Namun, dia menambahkan, KPU bisa saja membuat exercise dengan membuat dua model, yakni membagi Jawa dan luar Jawa serta model kuota berdasarkan jumlah penduduk. "Dari situ kelihatan mana yang lebih proporsional,” pungkasnya.

Hadar menghimbau, KPU harus bekerja mandiri dan tidak ada intervensi dari peserta pemilu dalam menyusun dapil. KPU bekerja bersama tim ahli untuk menyusun dapil hingga nantinya masuk proses konsultasi dengan DPR. Hal ini sejalan dengan putusan MK yang menutup ruang dari peserta pemilu dalam penyusunan dapil. ”Baru saat konsultasi di DPR, parpol bisa masuk,” ujarnya.

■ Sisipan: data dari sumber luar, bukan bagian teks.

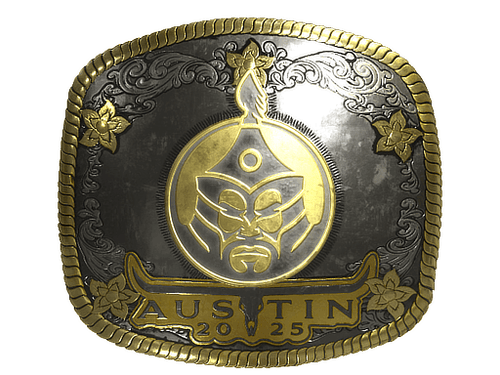 Sticker | The Mongolz (Gold) | Austin 2025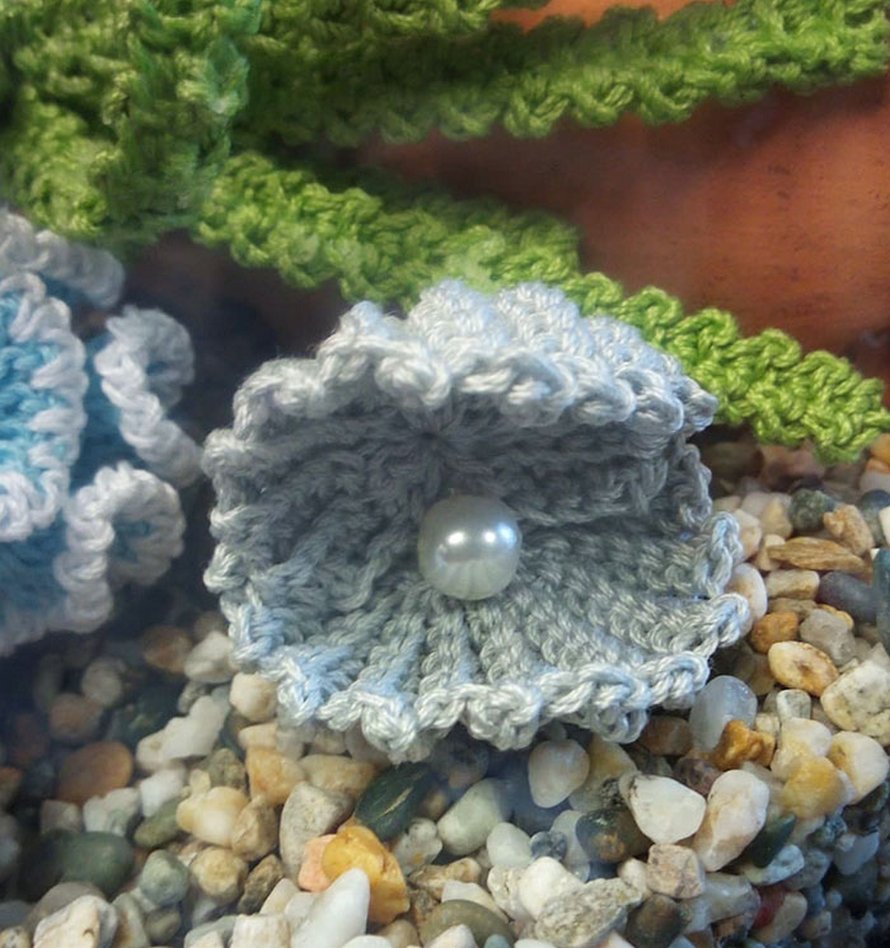 Une artiste italienne a créé un superbe aquarium au crochet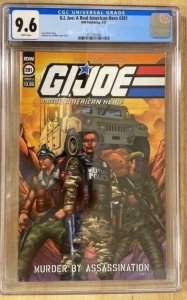 G.I. Joe: A Real American Hero #281 Cover A (2021)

Direktur Eksekutif Algoritma Research and Consulting Aditya Perdana mengatakan, pembentukan dapil idealnya dilakukan secara ilmiah, tetapi pada prosesnya tidak bisa dilepaskan oleh kepentingan politik. Sebab, penyusunan ulang dapil berpotensi mengurangi atau menambah jumlah kursi di satu dapil, bahkan bisa mengubah wilayah dapil yang sudah ada karena dilakukan penyesuaian sehingga berdampak pada kepentingan peserta pemilu.

Oleh sebab itu, penyusunan dapil yang kini menjadi kewenangan KPU harus ”dijaga” dari kepentingan-kepentingan politik. Apalagi, ada proses politik yang harus dilalui yakni rapat dengar pendapat dengan DPR untuk menyusun Peraturan KPU tentang pendapilan.

Kondisi tersebut, menurut Aditya, memerlukan independensi dan netralitas dari KPU sebagai pihak yang akan menyusun dapil. Keberadaan tim ahli yang ditunjuk KPU pun memainkan peran penting untuk menjaga penyusunan dapil agar tidak terpengaruh intervensi politik. Mereka menjaga ”tameng” untuk memastikan penyusunan dapil sesuai dengan prinsip-prinsip yang diatur dalam UU.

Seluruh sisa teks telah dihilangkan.